### What the task requires
Give the lines again exactly as they appear below, from the line with "Oval Transparent Purple" to the line with "High Waist Retro", both included, and only those lines. Leave every picture out.

### Working data
###
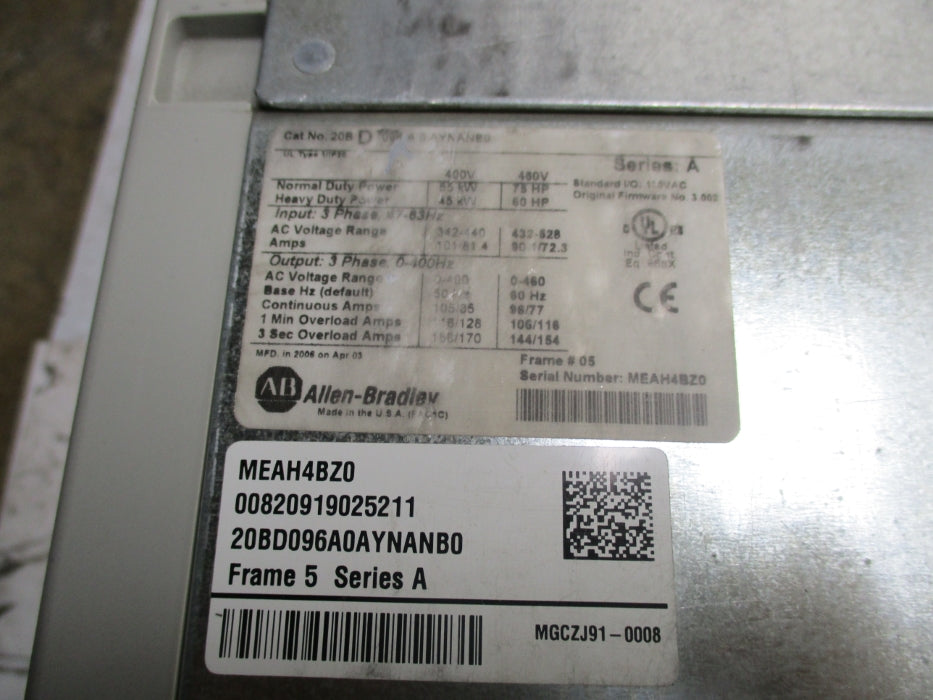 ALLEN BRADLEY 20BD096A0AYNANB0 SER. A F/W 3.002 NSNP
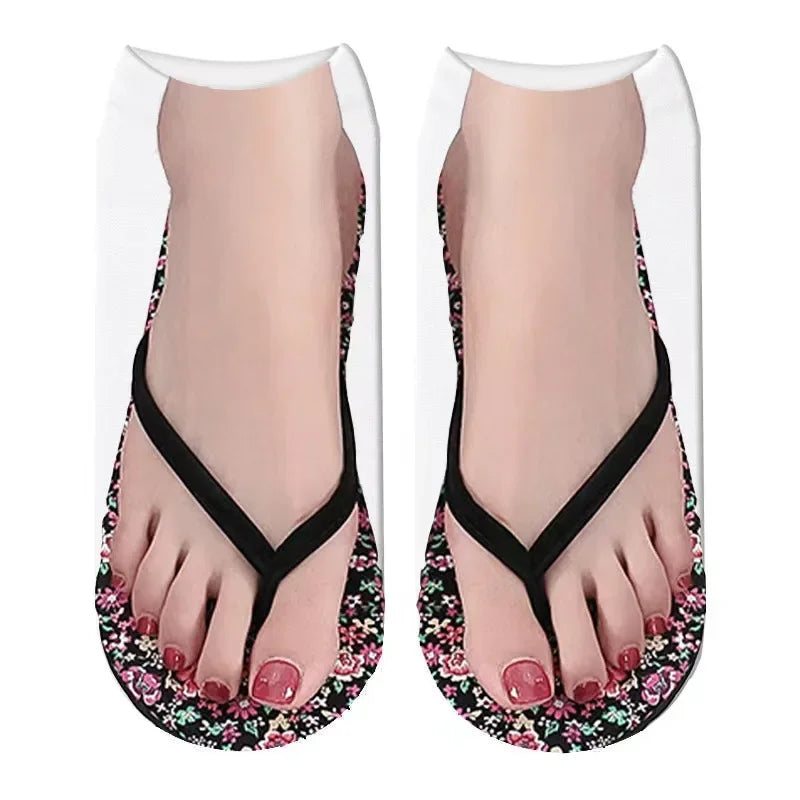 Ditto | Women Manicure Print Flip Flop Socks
###
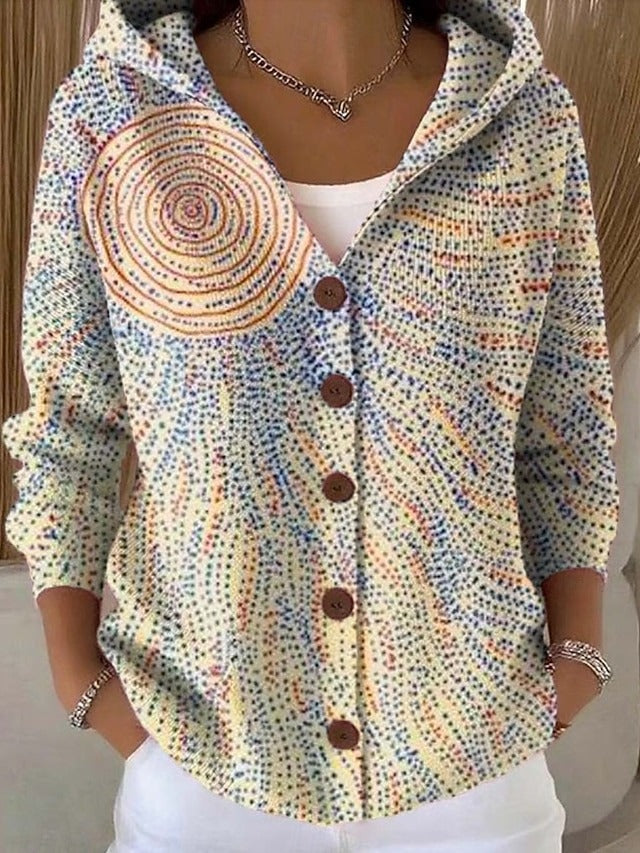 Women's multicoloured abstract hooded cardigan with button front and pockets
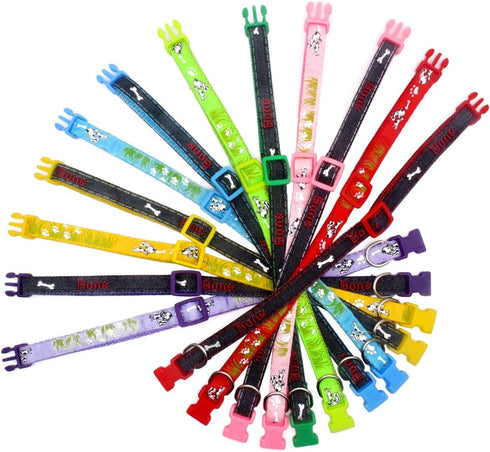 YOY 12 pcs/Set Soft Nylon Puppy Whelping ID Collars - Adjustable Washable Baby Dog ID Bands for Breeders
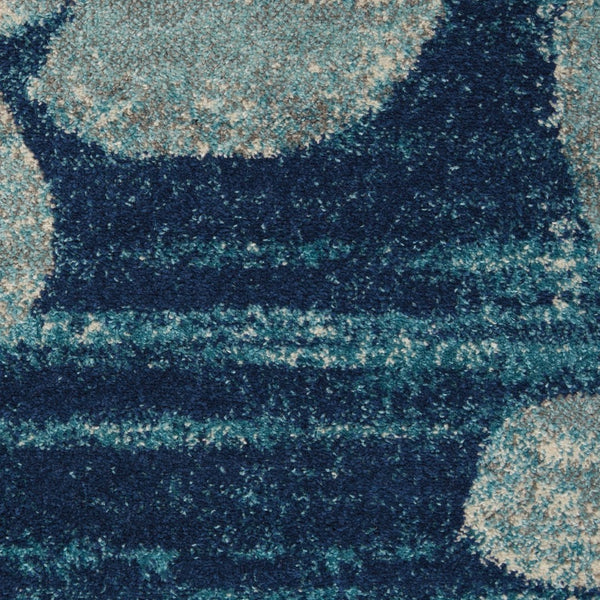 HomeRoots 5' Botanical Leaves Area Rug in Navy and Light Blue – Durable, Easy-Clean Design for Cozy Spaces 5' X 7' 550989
###
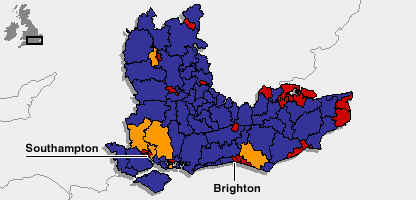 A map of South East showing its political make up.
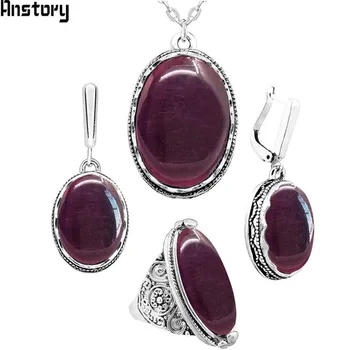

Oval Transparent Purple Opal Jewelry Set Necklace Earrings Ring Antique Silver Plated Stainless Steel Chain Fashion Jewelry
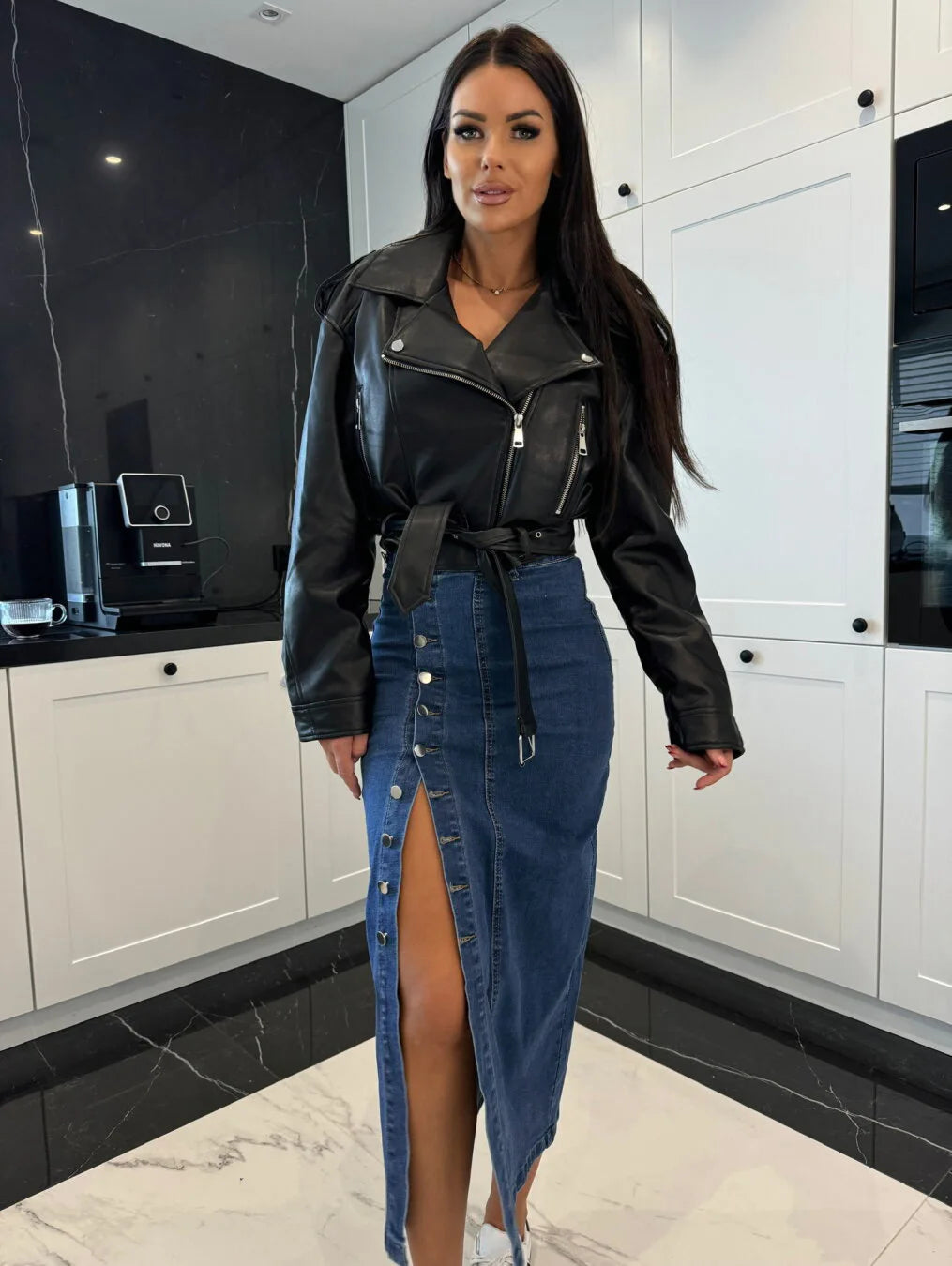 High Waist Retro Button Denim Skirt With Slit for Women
###
### Solution to the problem
Oval Transparent Purple Opal Jewelry Set Necklace Earrings Ring Antique Silver Plated Stainless Steel Chain Fashion Jewelry
 High Waist Retro Button Denim Skirt With Slit for Women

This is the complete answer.